Die Beurteilung, was moralisch oder unmoralisch ist, hat sich relativiert. Dadurch bin ich überhaupt im Urteil vorsichtiger geworden. Ich habe im Umgang mit Menschen, deren Schattenseiten offener nach außen treten, meine eigenen Schattenseiten deutlicher kennengelernt.
Mein Beten hat sich verändert und mein Gottesbild. Ich glaube heute eher an einen heruntergekommenen Gott. Das ist übrigens ganz franziskanisch.

Was kann der Einzelne mit Blick auf die Wohnungslosen tun? Es ist vor allem eine Frage des Bewußtseins: Daß ich nicht denke Ach, Gott, da ist ja schon wieder ein Betrunkener, sondern Da steht ein Mensch. Und daß ich den zunächst mal angucke, wenn er mich anspricht.

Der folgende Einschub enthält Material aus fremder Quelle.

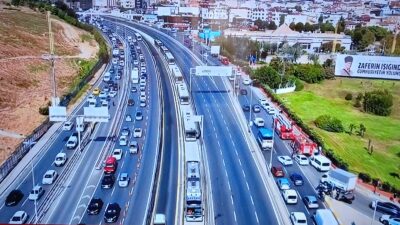 İstanbul Küçükçekmece’de metrobüsler çarpıştı 3’ü ağır 32 kişi yaralandı kaza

Wir müssen innerlich aufmerksam werden. Es ist auch gut, etwas zu geben. Aber ich sollte das Geld nicht so von oben hinwerfen, sondern vielleicht in die Hand geben. Eigentlich finde ich es fatal, daß man überhaupt darüber reden muß, wie man sich verhalten soll. Das sind normale Menschen! Wenn ich frage: Was kann ich tun?, muß ich fragen, ob ich wirklich was tun will. Und dann muß ich Distanz überbrücken, auch wenn das gegen meine Ängste, gegen mein ästhetisches Empfinden geht.